<인공신경망>02. Perceptron 구성 및 학습

박서연·2023년 3월 25일

인공신경망

목록 보기

1/13

📌 1. The perceptron

🔸 이전에 배운 모델에서는 로직 연산은 가능하지만 실제 뉴런에서 나타나는 신호가 지속적으로 들어와 threshold를 넘었을 때 출력을 내보내는 모델은 포함하지 않았음
🔸 입력 노드는 x1, x2, x3

1. Simple model (Frank Rosenblatt)

🔸 thresholding 동작을 하는 unit을 포함하는 모델 생성

1) Linear threshold unit(LTU): the inputs and output are now numbers (instead of binary values) and each input connection is associated with a weight

🔸 이전에 배운 모델에서는 input으로 0과 1의 binary 값만 가져올 수 있었는데 Rosenblatt에서는 input과 output으로 임의의 값 numbers을 가질 수 있음
🔸 각각의 input은 가중치 weight를 가지고 들어오도록 설계

weight
: 입력값이 들어올 때 가중치를 가지고 들어오면서 x1w1이 입력으로 돌아옴
ex. w1이 1일 경우 x1이 들어가고, w1이 0.5일 경우 x1의 절반에 해당하는 값이 들어가고, w1이 2일 경우 x1의 2배에 해당하는 값이 들어감

2) z = w1x1 + w2x2 + ... + wnxn = w^T * x

🔸 z는 weighted sum으로 output 함수에 들어갈 값
🔸 w1x1은 w1과 x1의 곱
vector로 표현하면 w^T와 x의 scalar product

3) applies a step function: hw(x) = step(z) = step(w^T * x)

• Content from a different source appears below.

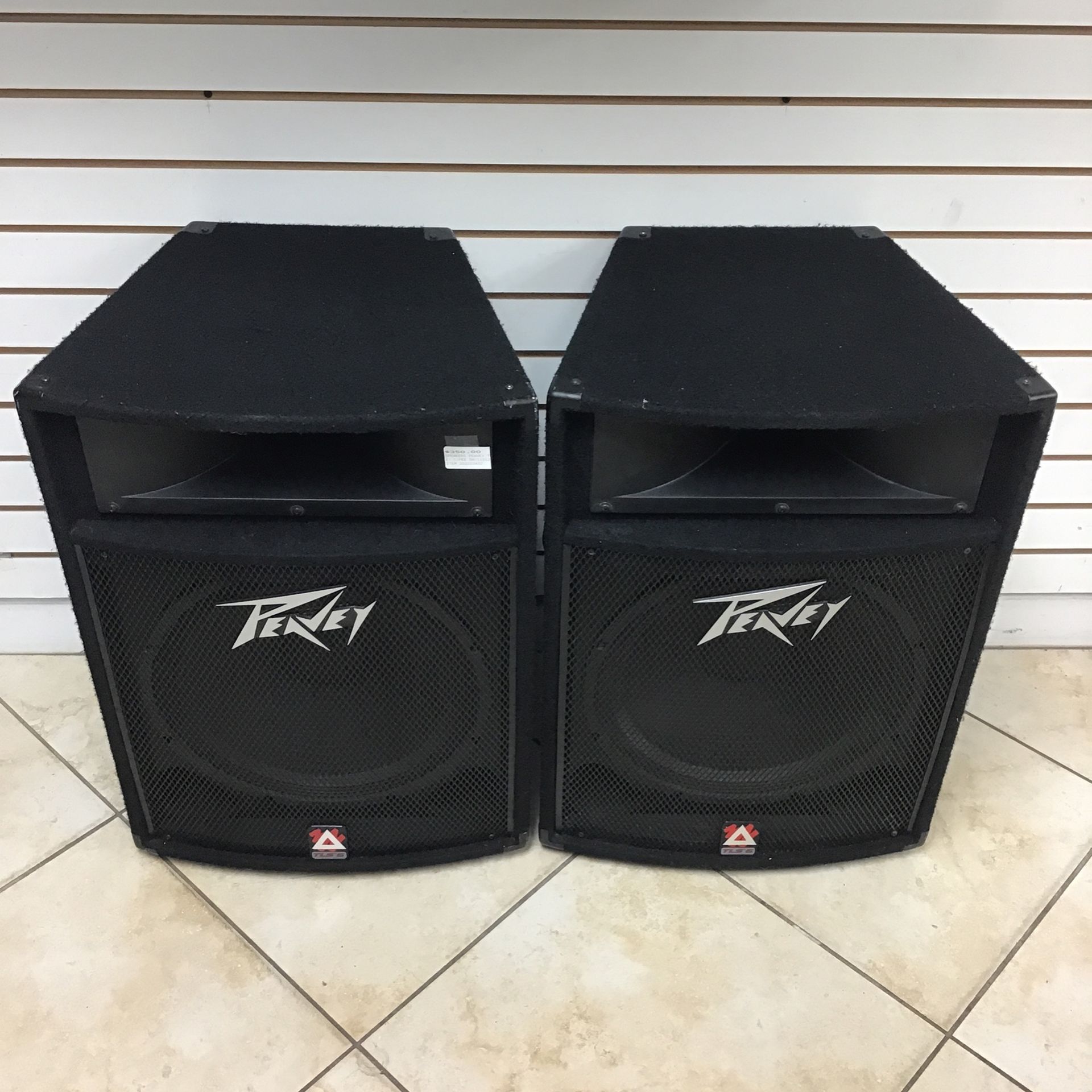 Peavey TLS 5 500W Speakers Very Good Condition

🔸 input은 number지만, step function을 거친 출력값 output은 반드시 0 또는 1 혹은 -1 또는 0 또는 1
🔸 step function 종류
1. heaviside function
output이 0 또는 1
2. sign function
output이 -1 또는 0 또는 +1

4) positive class for above threshold; otherwise, negative class

🔸 (heaviside function 사용 기준) binary classification 사용할 경우, threshold보다 클 경우 positive class(1 출력), 아닐 경우 negative class(0 출력)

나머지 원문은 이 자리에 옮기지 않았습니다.